I feel like I'm announcing my engagement, and I don't really want to make it be like that. I'm just in love with her, maybe not in the marrying way, but certainly like she was family. And I want her to be part of my family even more now that I know how horrible her family is. She deserves better.

So yeah, my Mom was supportive, said she thought something like that was brewing. I said, "I wish you'd warned me!" Then Dad came in to find out what the conversation was about, and I told him too. He was a little more personally interested in the situation, particularly when I told him Sveta had a crush on him. He kindly refrained from making Daffy Duck noises too. Mom just laughed and said she was glad she wasn't a woman in a traditional marriage because she would have to spend all her time keeping Dad at home. It's true; my Dad would never cheat on Mom, but if things were different, he's quite the lady-killer.

Dad said I was exactly right, that he was not interested in Sveta in any other way than wanting the best for her, that it was incredible that she had taken it so well but that nothing should be done without her doing it. My Dad is a gentleman. It might not seem like it if you think he's abusing me, but he's nothing but a good man who only wants what's best for people. People take advantage of him because of it, if you can believe it.
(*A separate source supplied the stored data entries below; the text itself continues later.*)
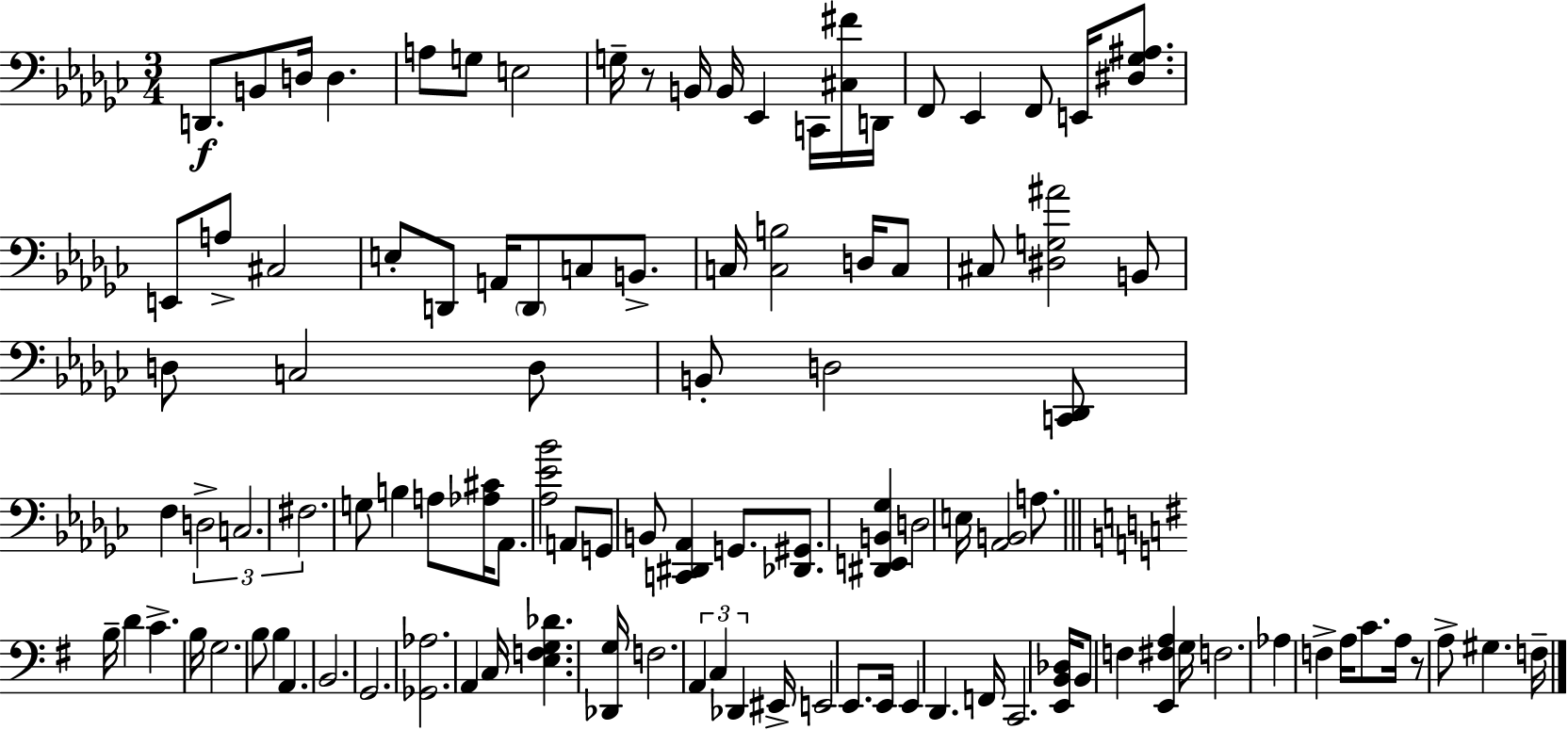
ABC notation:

X:1
T:Untitled
M:3/4
L:1/4
K:Ebm
D,,/2 B,,/2 D,/4 D, A,/2 G,/2 E,2 G,/4 z/2 B,,/4 B,,/4 _E,, C,,/4 [^C,^F]/4 D,,/4 F,,/2 _E,, F,,/2 E,,/4 [^D,_G,^A,]/2 E,,/2 A,/2 ^C,2 E,/2 D,,/2 A,,/4 D,,/2 C,/2 B,,/2 C,/4 [C,B,]2 D,/4 C,/2 ^C,/2 [^D,G,^A]2 B,,/2 D,/2 C,2 D,/2 B,,/2 D,2 [C,,_D,,]/2 F, D,2 C,2 ^F,2 G,/2 B, A,/2 [_A,^C]/4 _A,,/2 [_A,_E_B]2 A,,/2 G,,/2 B,,/2 [C,,^D,,_A,,] G,,/2 [_D,,^G,,]/2 [^D,,E,,B,,_G,] D,2 E,/4 [_A,,B,,]2 A,/2 B,/4 D C B,/4 G,2 B,/2 B, A,, B,,2 G,,2 [_G,,_A,]2 A,, C,/4 [E,F,G,_D] [_D,,G,]/4 F,2 A,, C, _D,, ^E,,/4 E,,2 E,,/2 E,,/4 E,, D,, F,,/4 C,,2 [E,,B,,_D,]/4 B,,/2 F, [E,,^F,A,] G,/4 F,2 _A, F, A,/4 C/2 A,/4 z/2 A,/2 ^G, F,/4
Well, the party was still on, so I had to cook. I went back up to my room briefly to check on Sveta, and she gave me a smile and asked how my parents were taking it. I gave her a kiss on the forehead and said they were thrilled, couldn't wait to see her at dinner, but it was up to her whether anything was said about it ever again. She said that was okay. Then she got a bit of a sly look on her face and asked me, "Now that I know, does this mean I have to worry about you sneaking off late at night to get satisfied in ways I can't?"
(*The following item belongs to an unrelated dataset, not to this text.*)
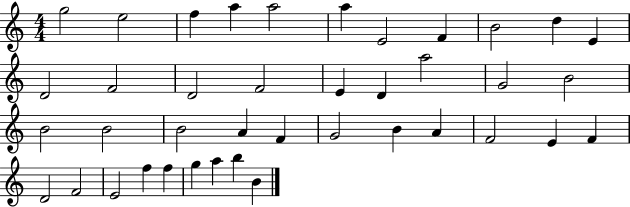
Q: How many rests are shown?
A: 0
I could tell she was joking, but only a little. I joked back, "My Dad wouldn't let me wake him up late at night." Then I kissed her, on the lips this time, and said, "Besides, you're all I need." A tiny little white lie, because I do love me some cock, but when Sveta's there, she is all I need. I don't sneak off and fuck my Dad when she's there, and I'm not going to start now. I think she appreciated the reassurance.
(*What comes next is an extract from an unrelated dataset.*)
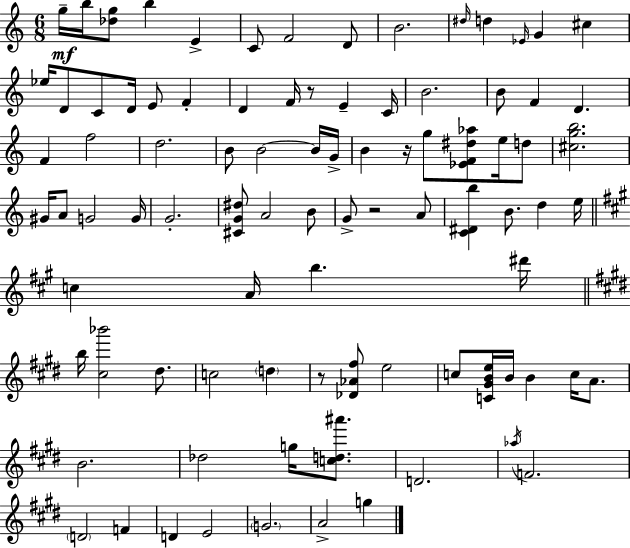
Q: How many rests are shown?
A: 4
Okay, this post is getting long again, and I think it's time to break, since the cliff has been successfully scaled and what's left is just gravy. Tasty gravy, believe me, but it doesn't change the central situation. So I'm going to break off and then come back and talk about the birthday party a little later. Believe me, you'll get through the whole weekend, I just have to pace myself a little. I'm not going to skip over anything.